Task instructions :: From the line containing "Holland Resort Phuket Ngoại thất bức ảnh" to the end of the data, retype every line exactly and nothing else. Drop the pictures.
· · · · ·
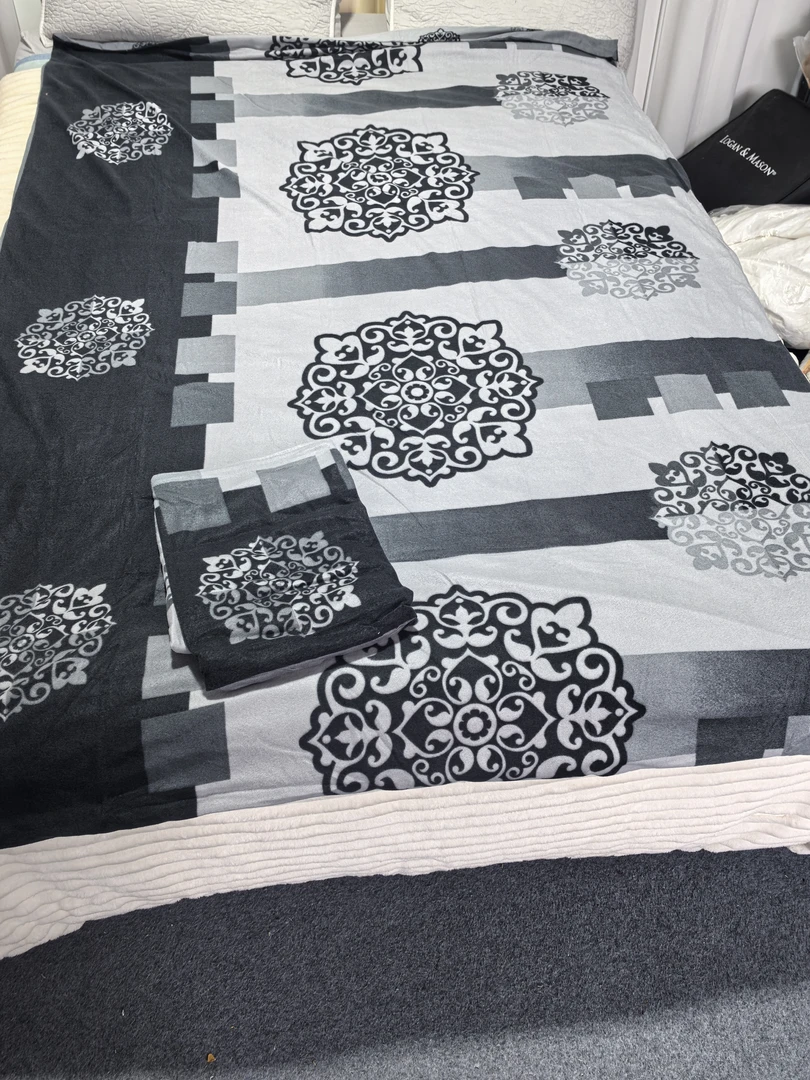 小华灰色欧花135*200被套加80*80抱枕套加40*80枕套三件套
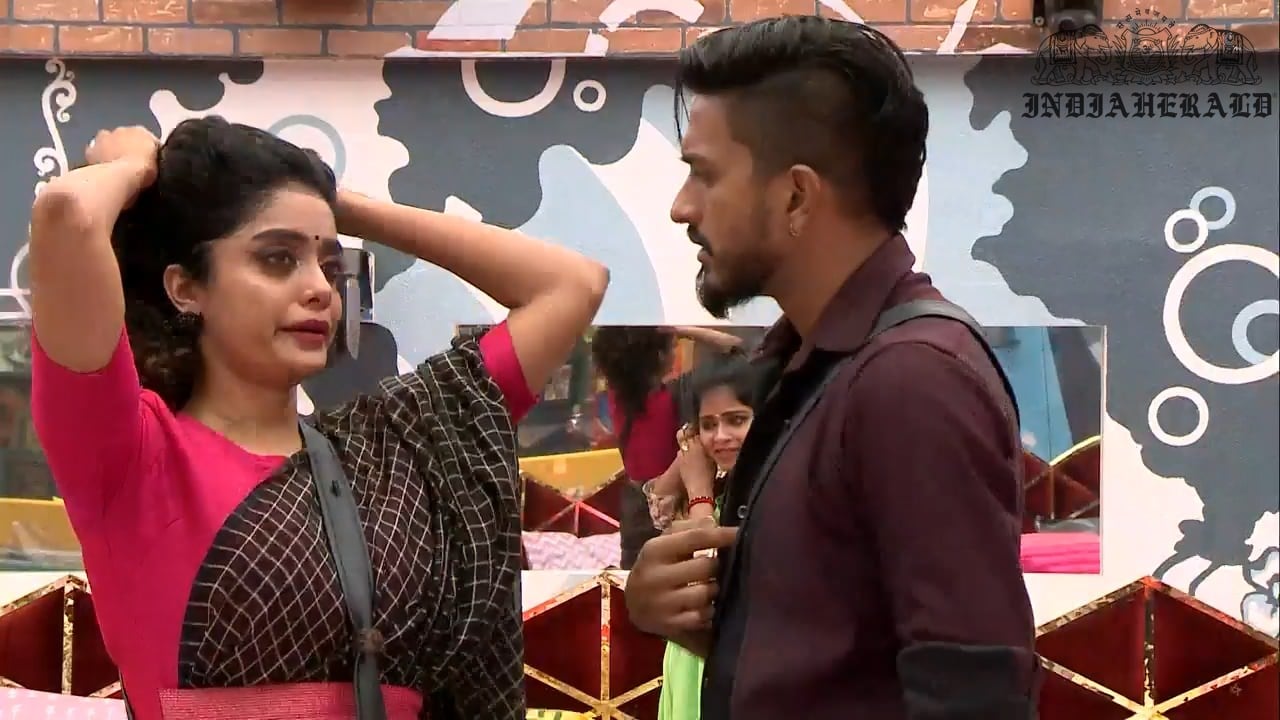 Bigg Boss Tamil Season 3 Day 43 Hot Stills Set 1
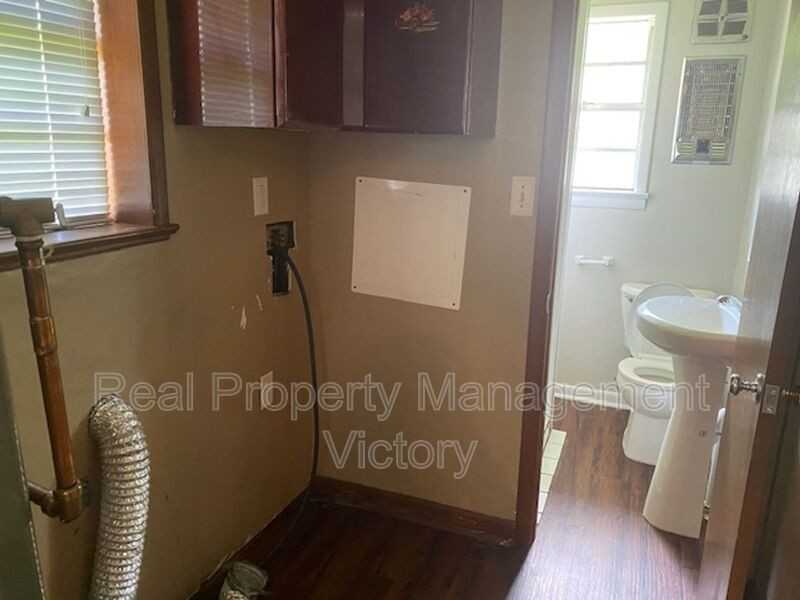 201 Holly St - Photo 5 of 10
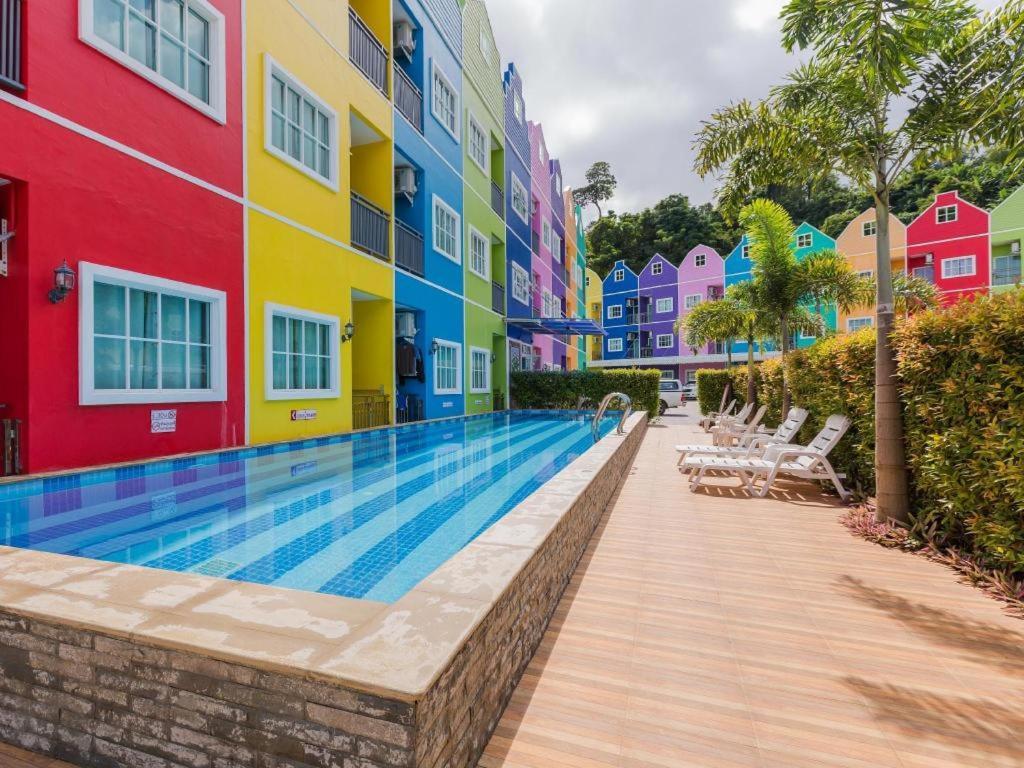 Holland Resort Phuket Ngoại thất bức ảnh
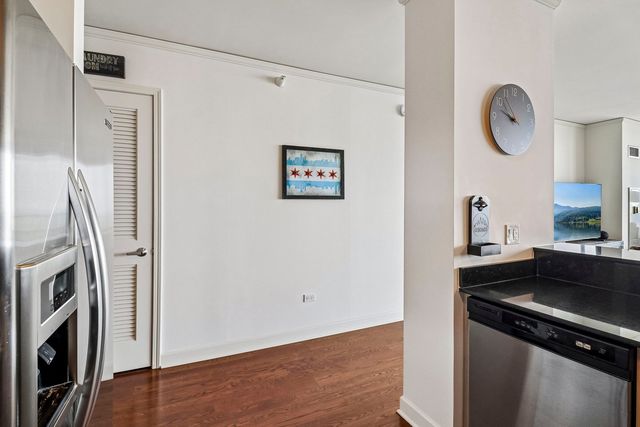 225 N Columbus Drive 6103, Chicago, IL 60601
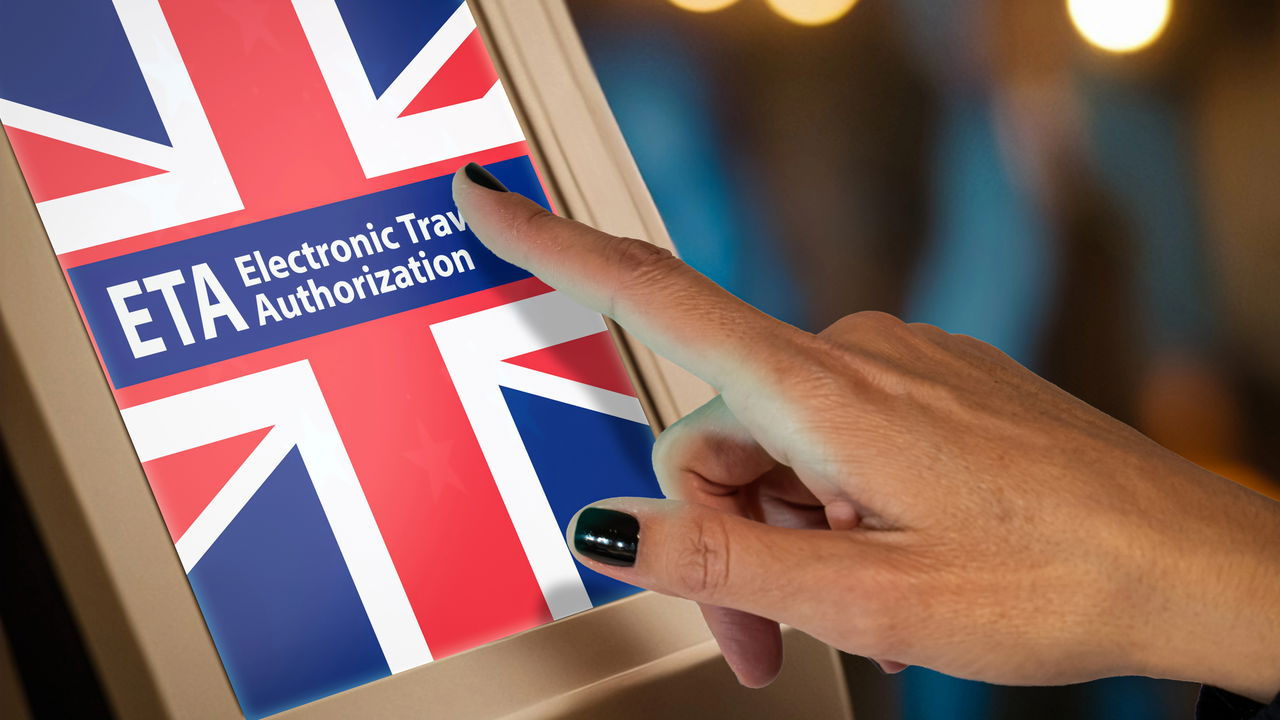 Noi reguli pentru călătoriile în Marea Britanie: ETA devine obligatorie din aprilie 2025.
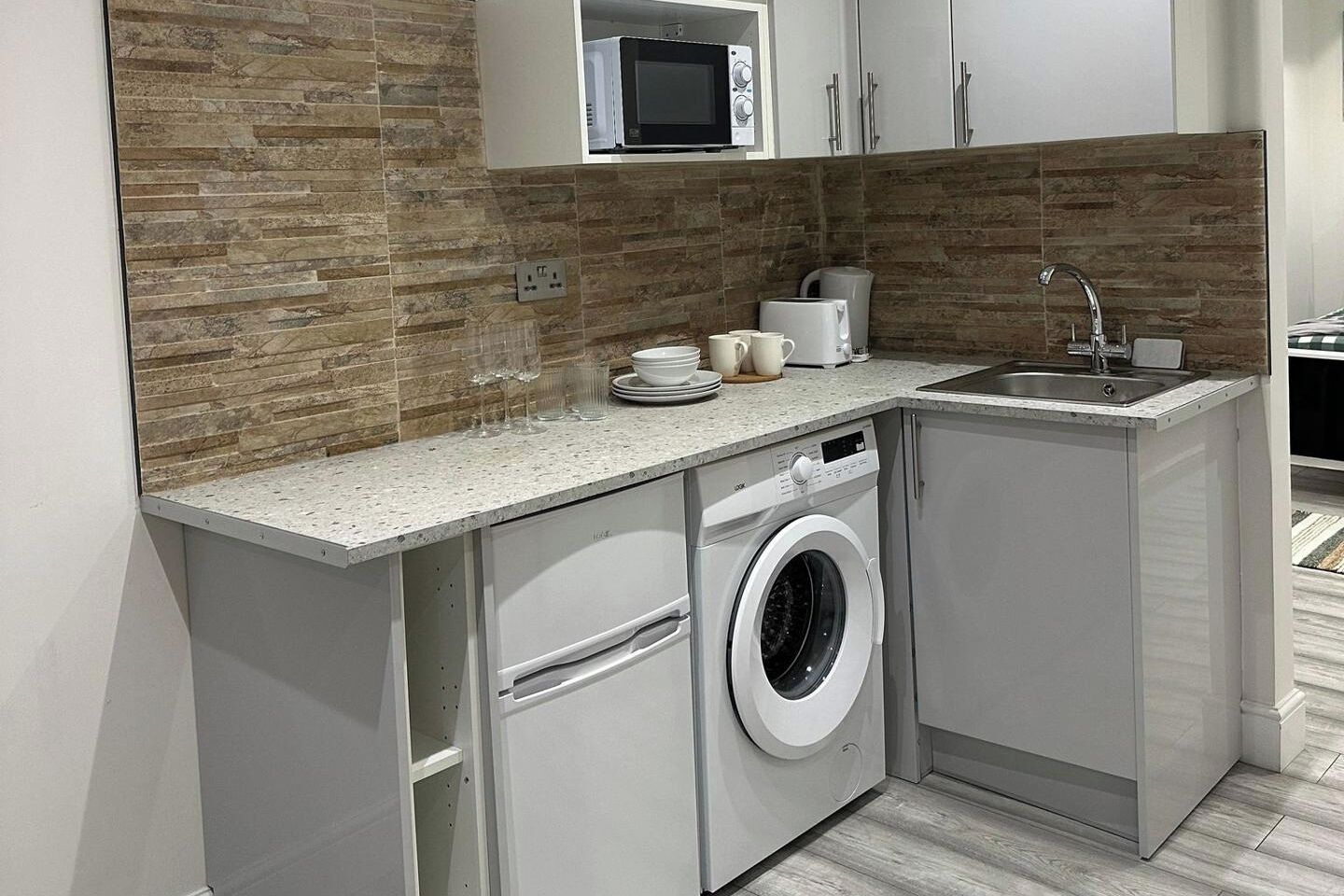 Fridge, microwave, oven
· · · · ·
Response area ::
 Holland Resort Phuket Ngoại thất bức ảnh
 225 N Columbus Drive 6103, Chicago, IL 60601
 Noi reguli pentru călătoriile în Marea Britanie: ETA devine obligatorie din aprilie 2025.
 Fridge, microwave, oven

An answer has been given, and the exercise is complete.